Domains of expertise
To process data efficiently, a strategy regarding knowledge building and handling is needed. Each project needs and creates knowledge. Therefore we need to store and access this new knowledge as well as linking it in a coherent network of meaning. This strategy revolves around three axis.
Building knowledge in a meaningful way and save it in a manner that allow easy access for new projects. How to add semantic to multiple type of data and handle its evolution when new discoveries come.
CONCEPTUAL REPRESENTATION OF KNOWLEDGE
Conceptual representation of knowledge cannot be limited to reference textbooks and dictionaries. It is therefore crucial to explore new possibilities to represent and efficiently use this knowledge. Formal languages, graph databases or ontology engines are some examples of those approaches.
Lexico-sementic resources are the fuel of the knowledge engineering domain. They contain the semantic and allow the coherent linking of data generated in the healthcare setting. Building and maintaining of those resources are a major role of this domain.
One of the two main branches of Artificial Intelligence (AI) resides in symbolic knowledge-driven approaches. Symbolic AI systems represent language phenomena via logical rules.
Lexical analysis is the first step for Natural Language Processing tasks. Words or combinations of words (compound words) occur in texts in their inflected forms (conjugated verbs, plurals, etc.) or in the form of variants such as abbreviations. Lexico-semantic resources such as formalized electronic dictionaries of simple and compound biomedical terms constitute a valuable resource.
Local grammars and finite state automata are developed to describe specific rules of the French medical language (syntactic constraints, lexical ambiguities) and locate occurrences of the patterns in texts.
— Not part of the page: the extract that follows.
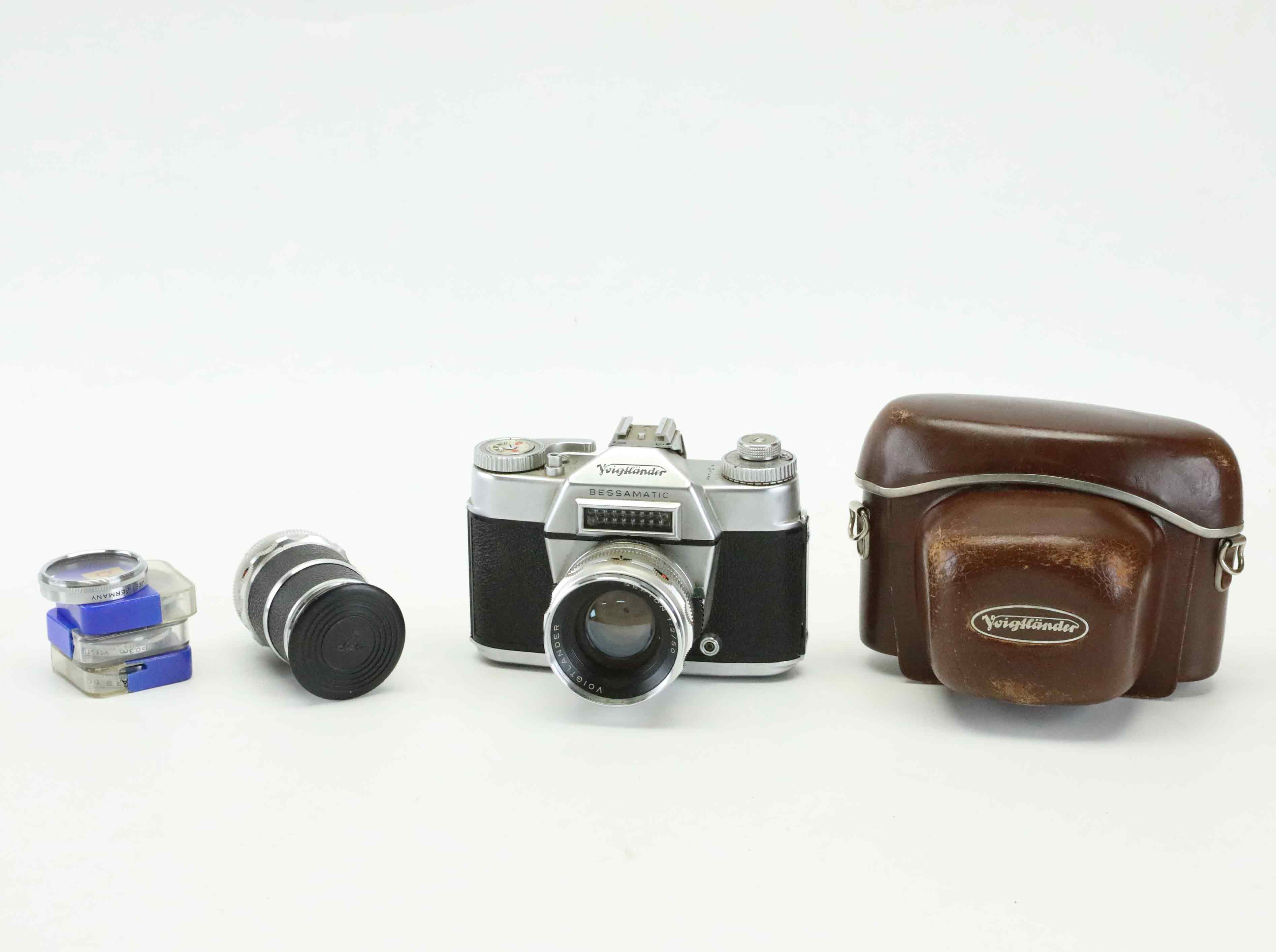 KAMERA, Voigtländer Bessamatic, och objektiv,1900-tal.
Information and relation extraction tasks are performed based on pattern matching.
KNOWLEDGE REPRESENTATION AND REASONING
Representation of information and logical relations via rules, knowledge graphs, ontologies, semantic nets so that a computer system can solve complex tasks.
To extract valuable information from textual data, one primordial step is to evaluate automatically in which category the document lies in.
When subtle categories needs to be defined a posteriori (not present when generating the description/metadata of the document) automatic classification algorithm allow to tremendously save manual work and enable finer and quicker knowledge extraction.
Possible applications range from automatic classification of documents (i.e. retain only radiology reports describing the presence of new a scaphoid fracture), to classification of shorter textual items (i.e automatic classification of medical concepts into international or local medical classifications such as ICD-10, CHOP, etc).
With “You shall know a word by the company it keeps” J. R. Firth stated already in 1957 the base for developing modern word representations also known as “word embeddings”.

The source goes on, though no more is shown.